The process of oxidation in mitochondria:
1. Glycolysis: The oxidation of food molecules begins in the cytoplasm of the cell, where glucose molecules are broken down through a process called glycolysis. During glycolysis, glucose is converted into pyruvate, producing a small amount of ATP.

2. Pyruvate Decarboxylation: The pyruvate molecules produced in glycolysis are transported into the mitochondria. Within the mitochondria, each pyruvate molecule undergoes decarboxylation, resulting in the release of carbon dioxide and the formation of acetyl-CoA.

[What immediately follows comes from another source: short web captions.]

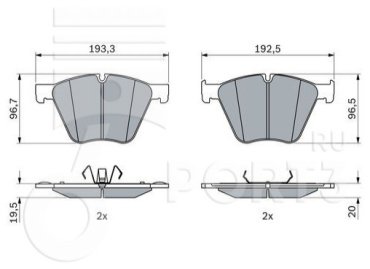 Колодки Textar 2567501 купить,NaN
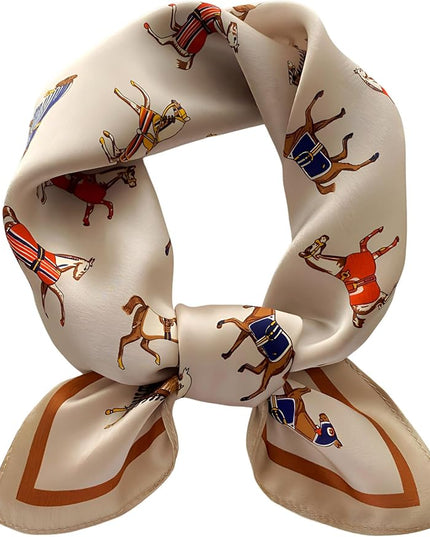 100% Mulberry Silk Scarf for Women Hair Lightweight Square Neckerchief Wrap For Head Scarves 21"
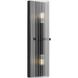 Seville 2 Light 3 inch Matte Black ADA Wall Sconce Wall Light, Design Series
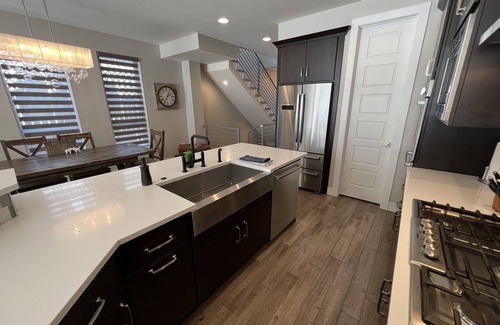 Sloan Lake Maison | Modern 4-level home, 3500 sq ft, in the Highlands, 3 miles west of downtown.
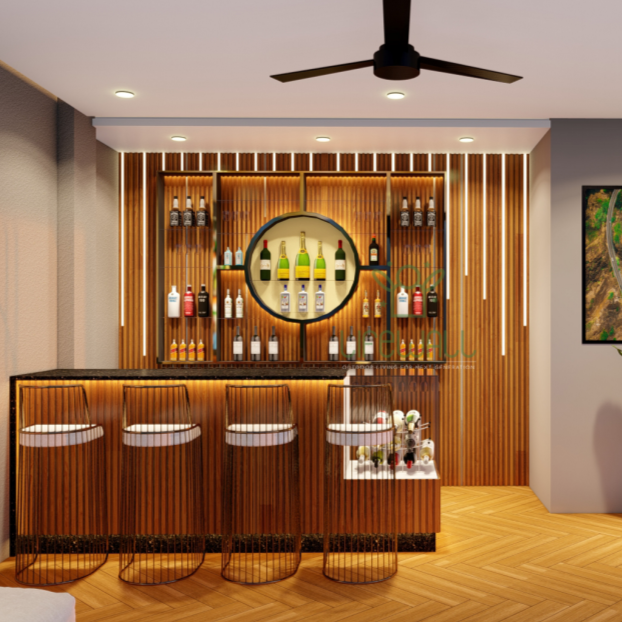 Classic Retro Counter (Per Sqft)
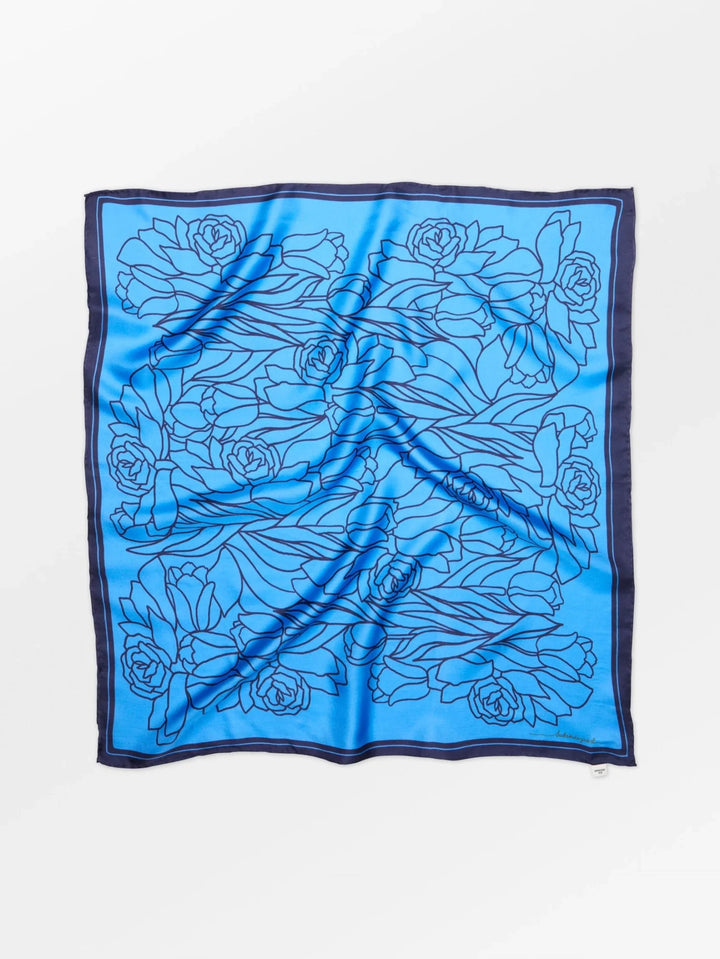 Stencia Tulip Sia Scarf Azure Blue | Accessories | Smuk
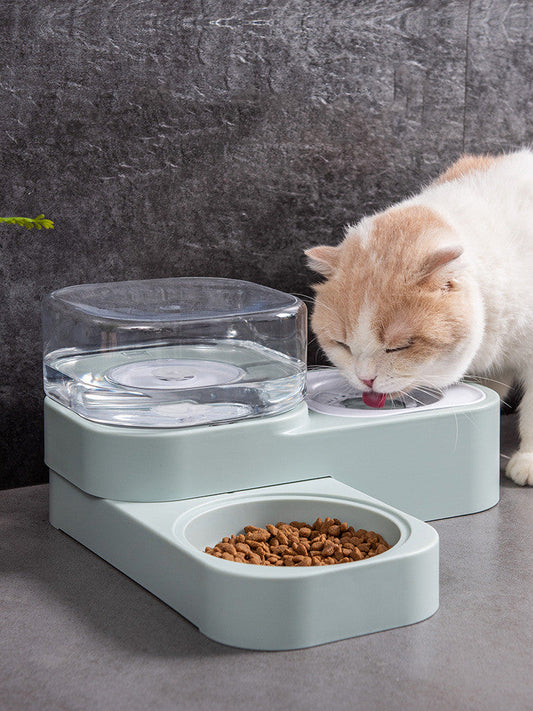 KFX-2054077 Dual Bowl Automatic Cat Drinking Fountain with HIPS and PP Materials, 16.3x32x16.3 Size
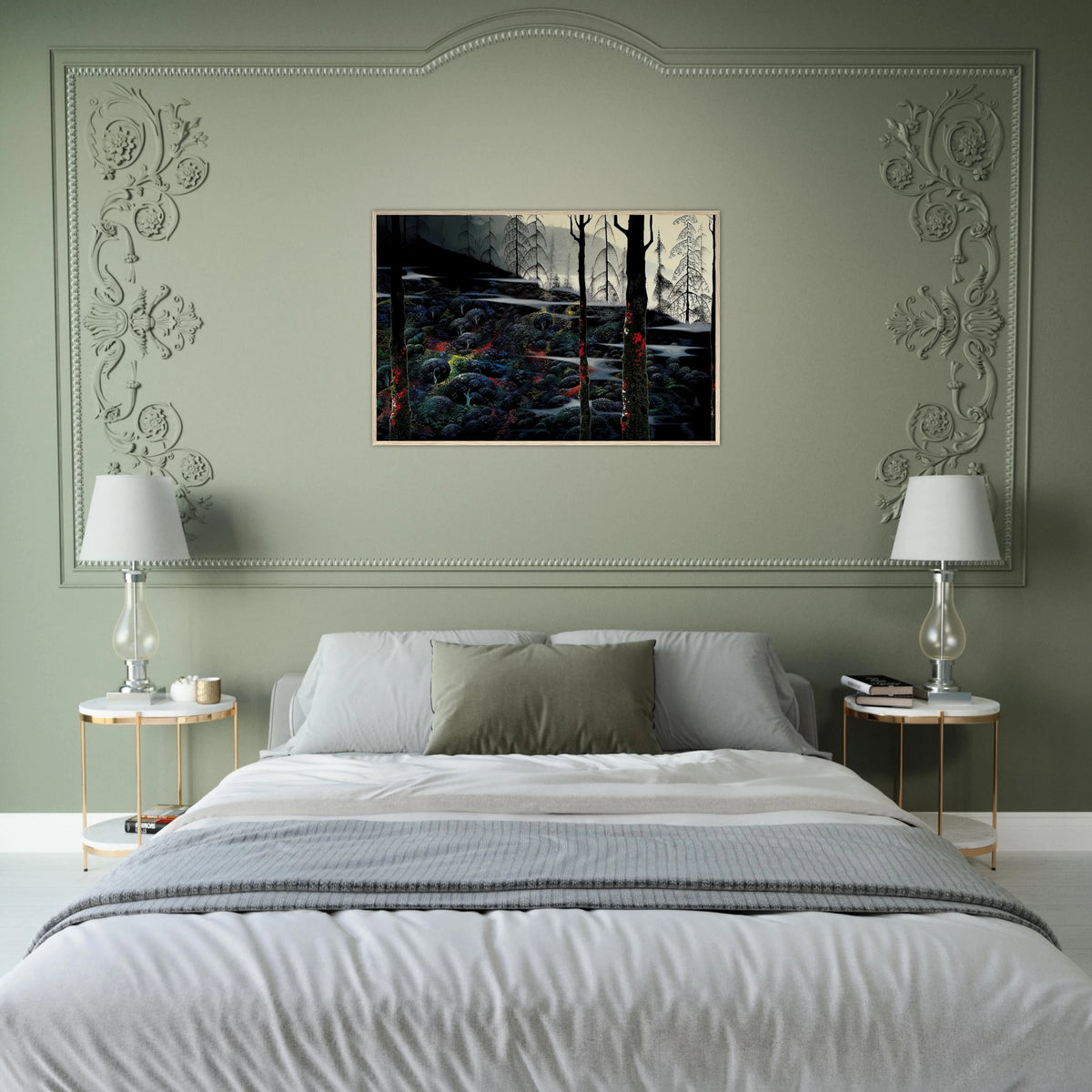 Dawn's First Light Framed Poster | Eyvind Earle Framed Prints Wall Art | Eyvind Earle Prints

3. Krebs Cycle (Citric Acid Cycle): The acetyl-CoA molecules enter the Krebs cycle, also known as the citric acid cycle. This cycle takes place in the mitochondrial matrix and involves a series of chemical reactions that further oxidize the acetyl-CoA molecules. During the Krebs cycle, carbon dioxide, ATP, NADH, and FADH2 are produced as byproducts.

4. Electron Transport Chain: The NADH and FADH2 molecules generated in the Krebs cycle carry high-energy electrons. These electrons are transferred to the electron transport chain, which is embedded in the inner mitochondrial membrane. The electron transport chain uses the energy from these electrons to pump protons across the membrane, creating an electrochemical gradient. This gradient drives the production of ATP through a process called oxidative phosphorylation.

5. ATP Production: The final step of oxidation is ATP production. As protons flow back into the mitochondrial matrix through an enzyme called ATP synthase, ATP molecules are synthesized. This process is known as chemiosmosis and is responsible for the majority of ATP production in aerobic organisms.

Overall, the oxidation of food molecules takes place in mitochondria through a series of interconnected metabolic pathways. This process efficiently converts the chemical energy stored in food into a usable form of energy (ATP) that powers cellular functions.